11. But the learned Judge of this Court, while dealing with the scope of Section 113 of the Act in the decision in C. Sundaram v. Abdul Gani, , has held as follows:-
10. In the present case, the contention that mere acceptance of rent by the respondent subsequent to the expiry of notice Ex.A-6, must be held waiver cannot be accepted for more than one reason. As already pointed out, to constitute a waiver under Section 113, not only the acts of parties must coalesce but there should also be a consensus of minds. That is why the section says that there should be some act on the part of a person giving the notice showing an intention to treat the lease as subsisting and such act must be with the express or implied consent of the person to whom the notice is given. The acceptance of rent by the lessor merely as a prudential act without the necessary animus to nullify the notice of termination given earlier will not constitute an act on his pan with the express or implied consent of the lessee to treat the lease as subsisting. Moreover, there must also be evidence to show that the lessee construed the act of receipt of rent by the lessor as an intention to treat the lease as subsisting and then made further payment of rent to manifest his express or implied consent to the continuance of the lease. The evidence on record does not show when and how the rent was remitted to the respondent. It would appear that, after the notice, the appellant sent the rent through money order, but whether it was sent periodically, month after month, or in instalments covering the rent for several months, is not known. There is no evidence by the appellant that he construed the receipt of rent by the respondent as an act of waiver and therefore, he consciously performed his obligation as a tenant by remitting the rent every month. In such circumstances, it is not open to the appellant to contend that the appellate Judge has not given the full effect of Section 113 to his case and therefore the order of ejectment is wrong.

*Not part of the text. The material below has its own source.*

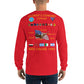 USS Dwight D. Eisenhower (CVN-69) 1982 Long Sleeve Cruise Shirt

Though the learned counsel for the appellant tried to distinguish the said decision from the facts of the present case, I am not able to accept the same. According to him, the learned Judge has taken such a view only because there is no evidence in that case to show as to when and how the rent was remitted to the respondent. In the present case, though such evidence is available, it is the specific case of P.W.1 in his evidence that the amount paid was receivedonly as damages and not rent. Moreover, the learned Judge has come to the above conclusion that there must be necessary animus, which has to be established to nullify the notice of termination given earlier.
12. Even in the decision of this Court in Krishnamachary v. Ramamoorthy , Bellie, J., has held as follows:-
A close reading of the section would show that notice of termination is waived by an act on the part of the landlord showing an intention to treat the lease as subsisting. No doubt receiving rent by the tenant is an act on the part of the landlord, but the question is whether that act alone, bereft of any intention to treat the lease as subsisting, will constitute waiver. That intention can be expressed or implied from the circumstances. After the termination of tenancy there is no question of payment of rent but the tenant is liable to pay damages as long as he does not vacate the premises in pursuance of the notice. The landlord may take action against him in pursuance of the notice soon after the expiry of the notice or later after some time. In any case the tenancy is at an end. If in the meanwhile the tenant sends money by money order terming it to be rent and if the landlord receives it, it does not necessarily mean that the landlord receives rent treating the tenancy as subsisting. As said above, the tenant will be liable to pay damages for illegally occupying the premises and if the landlord has received the money sent by money order by the tenant as the rent it is more probable that the landlord has received it for damages payable by the tenant. Therefore unless there is something more, apart from the receipt of money sent by money order by the tenant, to show that the landlord received that money treating the tenancy subsisting it cannot be said that he has waived the notice.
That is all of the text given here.